‘That’s why I suggest you put this back on the bookshelf where you got it from,’ said Parrish. ‘Where would that be, by the way?’
‘Second shelf of the case nearest the window,’ said Withens. ‘You will be coming to see Deborah, then, will you?’
‘First thing tomorow morning,’ said Parrish. ‘Best to chivvy the breakfast along a little, if you can, sir. But don’t on any account alarm Mrs Withens before I come.’
‘No, no, on no acount. Quite, absolutely,’ bumbled Ernest, clearly working around to another difficult point. ‘I suppose you will be forced to arrest her, won’t you, Inspector?’
It was quite impossible for Mr Withens to keep the wheedle out of his voice, or the look of excited expectation out of his eyes.
‘That I can’t say, sir. That’s not something we could ever discuss with the general public. I think you can rest assured, sir,’ said Parrish, his small vein of malice getting the better of him again, ‘that in this case I shall be no harsher than I am forced to be.’
‘Oh, quite, Inspector, quite,’ said Ernest, deeply disappointed, and getting up to go. ‘But of course I expect no favours. None at all. It has always been Deborah’s own conviction that people in positions of trust can expect no mercy shown them if they betray that trust. She has often expressed that idea very forcibly. Very often indeed. She’ll be waiting for her Ovaltine,’ he added, as if a bell had rung in his mind. ‘I shall be at the Town Hall tomorrow morning, I’m afraid, Inspector, but I’m sure I can trust you to do your duty without fear or favour. Without fear or favour.’

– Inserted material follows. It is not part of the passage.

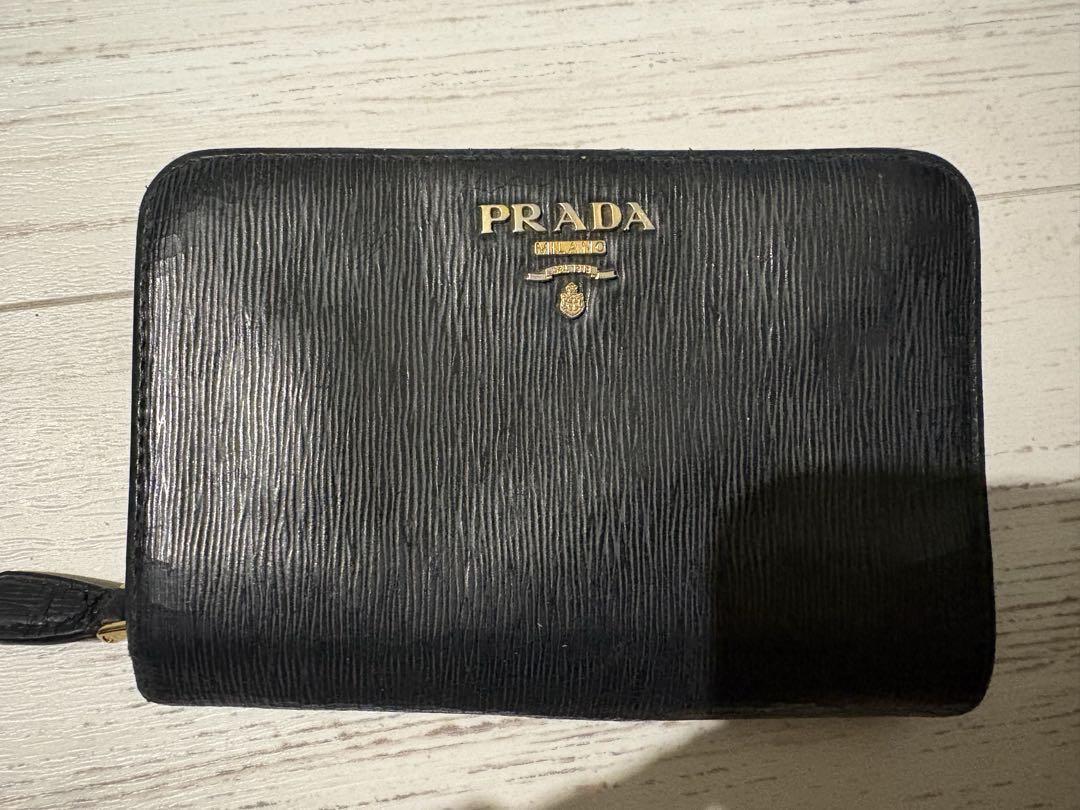 PRADA 2つ折り財布　ブラック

And Ernest Withens vaporized himself into the night.
CHAPTER XIII
THE LETTER KILLETH
It was a few minutes after nine when Parrish pulled up outside Glencoe, the Withens residence, that Saturday morning. Breakfast had been cooked and served with alacrity, and Deborah Withens (who seemed to the expert eye to have mellowed fractionally over the past week) gave a measured word of appreciation to her husband. Who looked modestly into the pattern of the carpet, and prayed that Deborah would not see the faint sparkle of anticipation in his eye.
Parrish got out of the car, told Constable French, his driver, that he was likely to have a long wait, and went to the wrought-iron monstrosity which served Twytching’s Elysée as a gate. He paused as if appalled by his own daring, but he was put in a suitably hostile frame of mind by seeing the regulated, chivvied design of the front garden: daffodils, tulips and gladioli were planted in rows and geometrical clumps, and one had an image of Dame Nature standing over them with a whip, waiting to chastize anything that stepped out of line. Parrish pushed his way through the gate, and rang the front-door bell.
Deborah Withens was undoubtedly in a good mood that Saturday morning. The eggs had been scrambled to that melting consistency she preferred, and the toast had been soft, warm and buttery. Life presented few pleasures to one so worn down by public duties and moral responsibilities, but when it did vouchsafe her one or two, she felt it her duty marginally to unfreeze. Then again the Inspector, once a favourite, had languished in her displeasure for very nearly two months, ever since that deplorable occasion in March when he had more or less suggested that she neglect her bounden moral duty. Seeing him approach up her path from behind the curtain of her sitting-room it seemed to Mrs Withens time to let the bounty of forgiveness shine from her countenance. Thus, when she opened the door to him she let it beam. Temperately.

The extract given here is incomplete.